Von weitem ist es ein ganz normales Wohnhaus am Rande von Weiler zum Stein, beim zweiten Blick ist in diesem Haus einiges ganz besonders. Vor der Tür stehen zum Beispiel viele Buggys und weitere Kinderfahrzeuge. Hier wohnt nämlich eine ganz außergewöhnliche Großfamilie: Sieben junge Mütter mit ihren sieben Kleinkindern. Die Mutter-Kind-Gruppe des Jugendhilfeverbunds der Paulinenpflege existiert schon seit über fünf Jahren. Sieben pädagogische Fachkräfte unterstützen hier junge Frauen, die mit ihrer Mutterrolle überfordert sind.
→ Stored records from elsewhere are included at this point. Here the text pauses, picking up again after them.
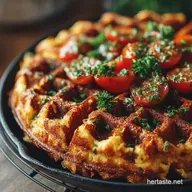 The Ultimate Crispy Keto Chaffle Your FiveMinute LowCarb Bread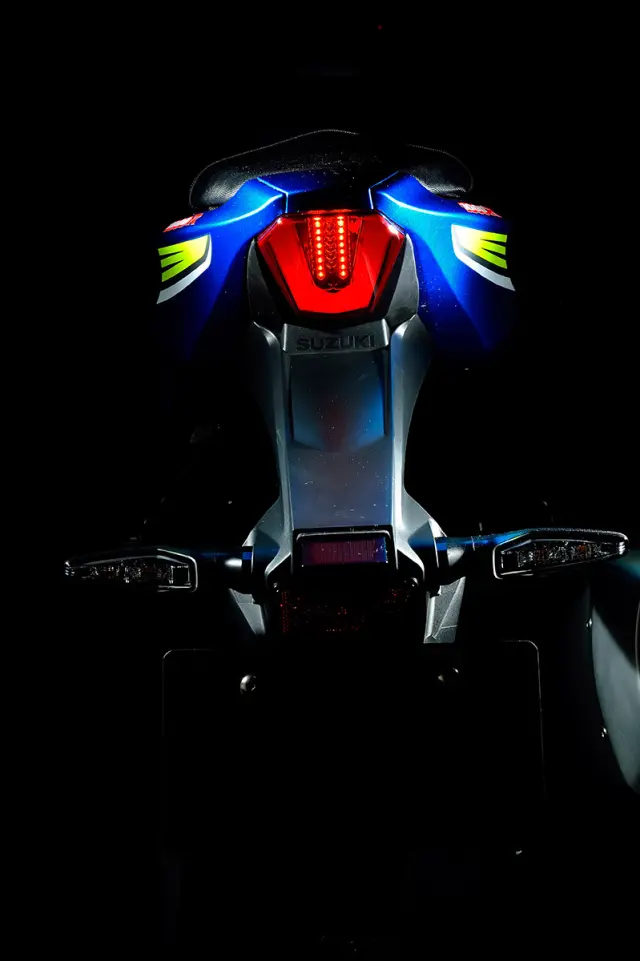 Suzuki GSX-R1000 2017 7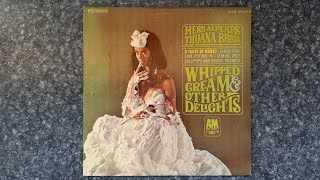Herb Alpert  The Tijuana Brass  Whipped Cream  Other Delights 1965  Vinyl Album ameriachi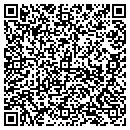 QR code with A Holly Lawn Care contacts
"Die Aufgabe unseres Teams ist es, zum einem das Kindeswohl im Fokus zu haben, aber auch nach den Bedürfnissen der Mütter zu schauen. Daher hat jede Mutter zwei Bezugsbetreuerinnen - eine für das Kind, die andere für die Mutter. So fällt nichts hinten runter", erzählen Sozialpädagogin Viviane Newerla-Nooke und Kindheitspädagogin Martha Dervisi. Beide sind Mitarbeiterinnen der ersten Stunde, für die die Mutter-Kind-Gruppe mehr als nur ein Job ist: „Es war für mich etwas ganz Neues und hat viel Freude gemacht, diese Wohngruppe mit aufzubauen. Man kann hier sehr viel weitergeben und bewirken“, freut sich Viviane Newerla-Nooke. „Und das Baby- und Kinderlachen ist einfach unbezahlbar“, ergänzt Martha Dervisi. 
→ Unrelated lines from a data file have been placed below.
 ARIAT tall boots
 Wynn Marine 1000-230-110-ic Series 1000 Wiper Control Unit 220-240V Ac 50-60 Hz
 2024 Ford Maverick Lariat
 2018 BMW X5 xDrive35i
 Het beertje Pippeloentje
Neben der lebenspraktischen Anleitung und Wissensvermittlung für die Mütter ist die genaue Beobachtung der Entwicklung der Kinder wichtig. "Körperliche Folgen sieht man erst später, daher schauen wir auch immer auf Grundlage der Entwicklungspsychologie, wie es dem Kind geht“, erklären die beiden pädagogischen Fachkräfte. Ein wichtiger Baustein ist hierbei auch die videogestützte Interaktionsanalyse. „Hier wird die Mutter zum Beispiel beim Wickeln ihres Kindes gefilmt. Und dann kann genau geschaut werden, was da zwischen Mutter und Kind passiert. Auf den ersten Blick sieht alles ganz normal aus. Beim genaueren Hinschauen sieht man, dass das Kind im Stress war. Die Mutter konnte es da nicht rausholen.“  Das wird dann u.a. in wöchentlichen Entwicklungsgesprächen aufgearbeitet. 

Natürlich geht es ebenso um die Weiterentwicklung der Mutterpersönlichkeit, so dass die Mütter ihr Leben irgendwann selbständig meistern können. Dabei kommt es auch immer wieder zu Interessenskonflikten „Eine der Mütter wollte über Weihnachten zwei Wochen zur Familie. Wir wussten aber, dass dieser lange Zeitraum dem Kind nicht gut tun würde. Wir haben dann nach langen Gesprächen einen guten Kompromiss für Mutter und Kind gefunden. Ebenso möchten viele der 16- oder 17-Jährigen abends ohne Kind losziehen. Das können wir ab und zu ermöglichen, aber nicht regelmäßig. Für viele ist das eine große Umstellung“, so Viviane Newerla-Nooke. 

Einige der Mütter gehen tagsüber zur Arbeit oder noch zur Schule. Die Kinder werden dann in einer Kita betreut. „Für einige der sehr jungen Frauen ist es aber wichtig, dass sie sich zunächst auf das Kind konzentrieren. Und dann so langsam zum Beispiel mit einem Teilzeit-Job anfangen“ sagt Martha Dervisi.

Unterstützung bekommen die Mütter bzw. deren Kinder in der Wohngruppe rund um die Uhr – es gibt sogar eine Nachtbereitschaft für Notfälle. Insgesamt sind seit dem Start dieser Wohnform 60 Personen betreut und unterstützt worden. Viviane Newerla-Nooke und Martha Dervisi erinnern sich noch genau an die erste Mutter, die aus der Wohngruppe in Richtung Selbständigkeit ausgezogen ist. Es folgten viele weitere, die vor kurzem bei einem Ehemaligentreffen zum 5-jährigen Wohngruppen-Jubiläum ihre Erfahrungen ausgetauscht haben. "Wir vermissen die MuKi-Gruppe", war die wehmütige Aussage von vielen Ehemaligen. „Das ist natürlich eines der schönsten Komplimente, das wir bekommen können. Es ruft auch immer wieder die eine oder andere Ex-Klientin bei uns an, wenn sie einen Rat oder Tipp braucht. Auch das ist ein Vertrauensbeweis und eine sehr positive Bestätigung unserer Arbeit“, freuen sich die zwei Mitarbeiterinnen.